Let $L$ denote a linear order that is unbounded. Then it may or may not satisfy:
- Globally homogeneous. For all $x,y \in L \cup \{-\infty,\infty\}$, if $x < y$ then the interval $(x,y)$ is isomorphic to $L$.
- Locally homogeneous. For all $x,y,x',y' \in L,$ if $x<y$ and $x'<y'$, then the intervals $(x,y)$ and $(x',y')$ are isomorphic.
Please comment if you know the standard terminology for these conditions and/or where I can learn more.
Examples and non-examples.
- $\mathbb{Z}$ satisfies neither condition.
- $\mathbb{R}$ and $\mathbb{Q}$ satisfy both.
- The empty (unbounded) linear order also satisfies both.
Now clearly, globally homogeneous implies locally homogeneous.
Question 0. Does the converse hold (for unbounded linear orders)?
Question 1. Other than $\mathbb{R}$ and $\mathbb{Q}$, what are some examples of unbounded linear orders that are homogeneous (in either sense)?
Bonus Question. Given unbounded linear orders $L$ and $M$ that are globally homogeneous, if we can embed $L$ into $M$ and vice versa, are they necessarily isomorphic?
Another example of a locally homogeneous unbounded order would be $$\mathbb{L} := ( \omega_1 \times ( [0,1) \cap \mathbb{Q} ) ) \setminus \{ \langle 0,0 \rangle \}$$ with the lexicographic order (where, as usual, $\omega_1$ denotes the least uncountable ordinal). (I throw away $\langle 0,0 \rangle$ just to ensure that there is no minimum element.) This example shows that the two notions are not equivalent.

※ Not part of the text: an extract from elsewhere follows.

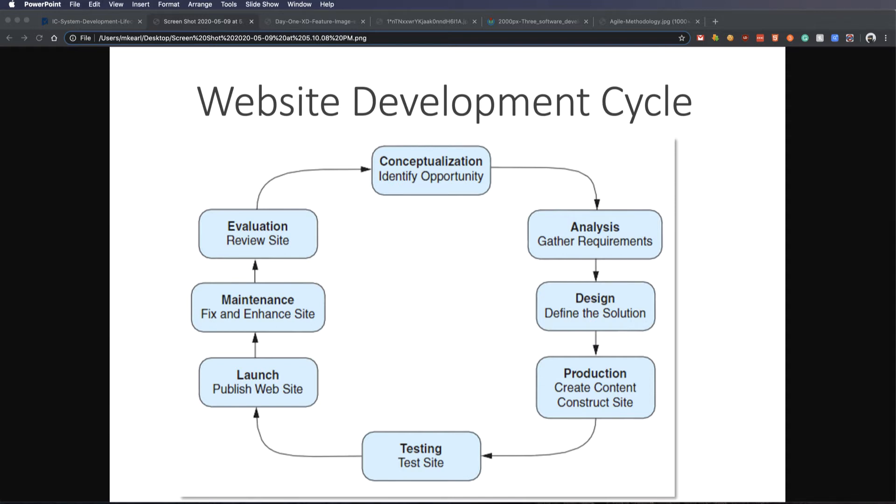From there, we move on to the analysis phase. In analysis, we start looking at high-level functionality requirements. In order to accomplish this idea I have in the conceptualization phase, I need to have this, I need it to do this, and I need it to do that. Really, you're focusing on what is it going to do, not necessarily how is it going to do it.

This is locally homogeneous because for any $\langle \alpha , p \rangle < \langle \beta , q \rangle$ the interval $( \, \langle \alpha , p \rangle , \langle \beta , q \rangle \, )$ is a countable dense linear order without endpoints, and is therefore order isomorphic to $\mathbb{Q}$.
It is not globally homogeneous because the entire order is uncountable (yet all intervals $( \, \langle \alpha , p \rangle , \langle \beta , q \rangle \, )$ are countable).